--- What you should do ---
Without including any image, repeat every record exactly.

--- --- ---

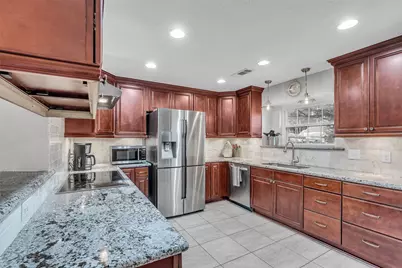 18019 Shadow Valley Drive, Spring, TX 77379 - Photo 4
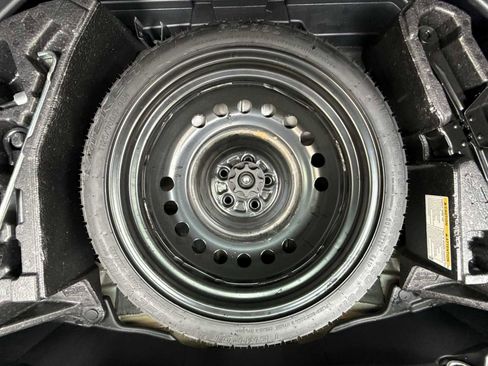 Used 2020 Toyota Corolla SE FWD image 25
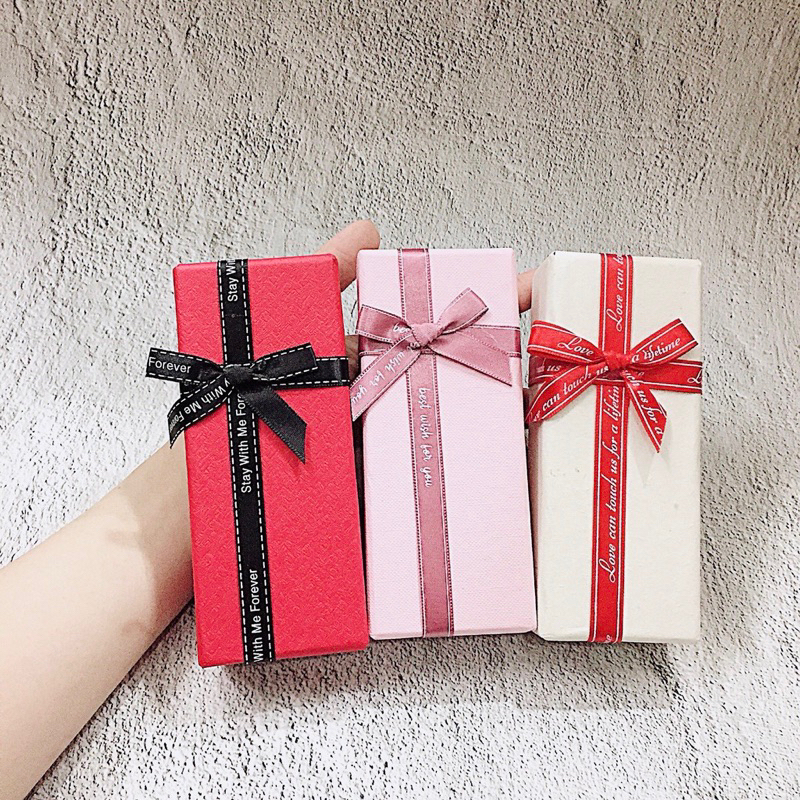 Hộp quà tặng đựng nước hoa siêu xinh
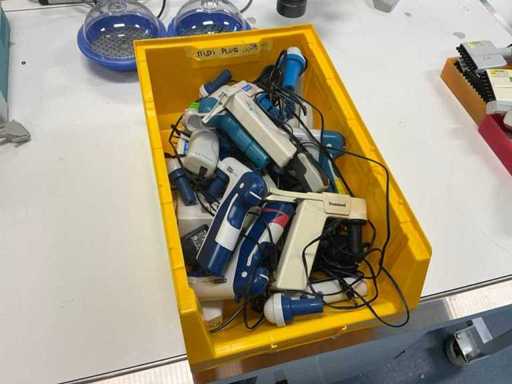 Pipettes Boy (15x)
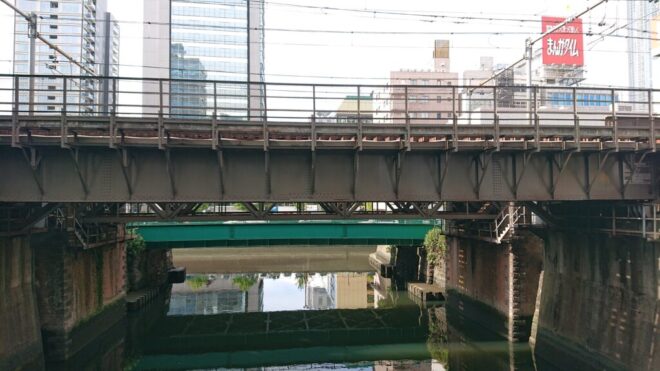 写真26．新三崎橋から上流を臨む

--- --- ---

--- Answer to this task ---
 18019 Shadow Valley Drive, Spring, TX 77379 - Photo 4
 Used 2020 Toyota Corolla SE FWD image 25
 Hộp quà tặng đựng nước hoa siêu xinh
 Pipettes Boy (15x)
 写真26．新三崎橋から上流を臨む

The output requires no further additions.